Introduction
Neuroendocrine tumors (NETs) are neoplasms that develop from the neuroendocrine cells
of diffuse neuroendocrine systems. Gastric NETs are rare lesions, representing approximately
7 % of all NETs and less than 1 % of all stomach neoplasms [1]. According to the histologic classification of tumors developed by the World Health
Organization in 2010, NETs are classified as G1 to G3 based on the rate of mitosis
and the Ki-67 labeling index; NET G1 is synonymously referred to as a carcinoid [2]

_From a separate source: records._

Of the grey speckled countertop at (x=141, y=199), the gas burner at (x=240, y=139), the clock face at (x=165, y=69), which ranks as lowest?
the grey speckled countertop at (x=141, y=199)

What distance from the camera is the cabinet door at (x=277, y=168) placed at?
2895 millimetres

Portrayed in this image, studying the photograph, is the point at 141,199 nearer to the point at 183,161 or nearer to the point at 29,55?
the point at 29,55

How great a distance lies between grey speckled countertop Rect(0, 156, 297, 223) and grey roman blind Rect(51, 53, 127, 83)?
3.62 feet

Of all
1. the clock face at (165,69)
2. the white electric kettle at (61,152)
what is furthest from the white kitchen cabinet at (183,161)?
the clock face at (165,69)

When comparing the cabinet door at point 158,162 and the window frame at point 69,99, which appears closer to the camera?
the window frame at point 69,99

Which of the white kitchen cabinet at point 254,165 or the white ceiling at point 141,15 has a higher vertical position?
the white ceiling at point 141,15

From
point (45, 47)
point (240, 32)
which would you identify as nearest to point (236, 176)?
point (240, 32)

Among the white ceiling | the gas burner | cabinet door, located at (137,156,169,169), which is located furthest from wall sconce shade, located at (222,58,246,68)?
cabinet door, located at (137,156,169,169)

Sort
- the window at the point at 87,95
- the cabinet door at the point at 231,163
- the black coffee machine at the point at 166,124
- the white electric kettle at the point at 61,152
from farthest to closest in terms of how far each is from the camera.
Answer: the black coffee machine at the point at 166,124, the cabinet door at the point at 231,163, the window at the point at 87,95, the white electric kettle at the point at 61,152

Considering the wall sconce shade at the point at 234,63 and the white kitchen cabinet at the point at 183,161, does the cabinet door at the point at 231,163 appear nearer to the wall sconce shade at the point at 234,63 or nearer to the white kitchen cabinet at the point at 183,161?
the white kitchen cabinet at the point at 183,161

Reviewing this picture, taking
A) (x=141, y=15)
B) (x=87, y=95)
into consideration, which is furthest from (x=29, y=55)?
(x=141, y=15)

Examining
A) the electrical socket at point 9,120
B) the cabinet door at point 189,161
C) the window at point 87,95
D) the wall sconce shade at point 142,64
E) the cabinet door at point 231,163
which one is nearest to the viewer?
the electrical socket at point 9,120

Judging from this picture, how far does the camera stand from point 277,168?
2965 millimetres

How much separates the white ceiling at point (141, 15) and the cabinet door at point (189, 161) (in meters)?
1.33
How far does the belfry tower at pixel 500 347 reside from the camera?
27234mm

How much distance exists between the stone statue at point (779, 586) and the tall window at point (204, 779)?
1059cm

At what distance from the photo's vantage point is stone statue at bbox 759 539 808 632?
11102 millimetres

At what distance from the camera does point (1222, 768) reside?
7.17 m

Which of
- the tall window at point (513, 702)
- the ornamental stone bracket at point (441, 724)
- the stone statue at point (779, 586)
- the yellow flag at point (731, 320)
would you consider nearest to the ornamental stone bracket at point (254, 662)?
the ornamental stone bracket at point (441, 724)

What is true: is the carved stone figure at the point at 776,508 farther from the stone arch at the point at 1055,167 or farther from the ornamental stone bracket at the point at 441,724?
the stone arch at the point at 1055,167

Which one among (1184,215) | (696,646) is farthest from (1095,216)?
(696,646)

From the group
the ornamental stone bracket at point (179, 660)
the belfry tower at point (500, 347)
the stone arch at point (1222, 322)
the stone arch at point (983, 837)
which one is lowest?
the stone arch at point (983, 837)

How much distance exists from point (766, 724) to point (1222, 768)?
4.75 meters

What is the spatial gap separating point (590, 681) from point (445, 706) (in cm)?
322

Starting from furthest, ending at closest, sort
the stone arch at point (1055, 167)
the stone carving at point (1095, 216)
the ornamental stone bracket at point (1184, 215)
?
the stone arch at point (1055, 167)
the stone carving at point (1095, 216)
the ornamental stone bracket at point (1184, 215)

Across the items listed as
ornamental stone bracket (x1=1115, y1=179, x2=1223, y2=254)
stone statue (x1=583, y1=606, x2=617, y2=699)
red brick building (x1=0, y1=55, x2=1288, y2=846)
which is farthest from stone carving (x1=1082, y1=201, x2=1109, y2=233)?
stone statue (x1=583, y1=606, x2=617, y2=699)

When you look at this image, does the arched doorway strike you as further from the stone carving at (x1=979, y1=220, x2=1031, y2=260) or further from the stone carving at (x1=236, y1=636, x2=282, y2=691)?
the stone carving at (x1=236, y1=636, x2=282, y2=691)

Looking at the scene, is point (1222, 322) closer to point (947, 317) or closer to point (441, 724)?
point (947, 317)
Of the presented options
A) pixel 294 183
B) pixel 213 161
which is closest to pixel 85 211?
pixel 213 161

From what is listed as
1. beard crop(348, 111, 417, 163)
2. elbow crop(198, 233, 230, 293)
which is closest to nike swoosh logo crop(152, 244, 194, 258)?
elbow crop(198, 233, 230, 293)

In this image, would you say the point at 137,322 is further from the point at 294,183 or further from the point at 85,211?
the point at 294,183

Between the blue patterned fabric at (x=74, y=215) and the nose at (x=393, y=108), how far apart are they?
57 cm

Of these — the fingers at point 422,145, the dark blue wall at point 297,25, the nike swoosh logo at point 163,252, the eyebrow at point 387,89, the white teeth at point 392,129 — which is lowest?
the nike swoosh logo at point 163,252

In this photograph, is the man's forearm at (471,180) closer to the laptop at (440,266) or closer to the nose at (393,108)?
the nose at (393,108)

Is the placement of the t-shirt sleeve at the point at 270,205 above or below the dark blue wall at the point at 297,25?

[3]. The prevalence of NETs is relatively high, as many NETs are slow-growing or of
uncertain malignant potential, and even malignant NETs are associated with prolonged
survival [4].
Gastric NETs usually have the endoscopic appearance of a submucosal tumor, as they
grow from deep within the mucosal layers [5]
[6]. A pedunculated gastric NET is very rare. Herein, we report a case of an 87-year-old
man with a pedunculated gastric NET treated by endoscopic surgery.
Case Report
An 87-year-old man was hospitalized because of abdominal pain. He had a history of
hypertension and was taking medication to lower blood pressure (enalapril maleate
2.5 mg/day, amlodipine besilate 5 mg/day). We performed gastroendoscopy to search
for disease of the gastrointestinal tract and found a polypoid lesion in the stomach.
The gastric lesion was a pedunculated polyp with a reddish head ([Fig. 1], [Fig. 2]). The lesion was 20 mm in diameter. The borderline of epithelial change between
the head and the stalk region was unclear endoscopically. Observation with a narrow
band image system revealed dilated vessels at the head of the lesion. Because the
stalk of the lesion was thick and rich in inflammatory change ([Fig. 1], [Fig. 2]), we were concerned that if the polyp was neoplastic, the lesion could have potentially
invaded the stalk. We were also concerned that the lesion could potentially have had
a thick tumor-feeding blood vessel, especially a thick feeding artery, in its stalk.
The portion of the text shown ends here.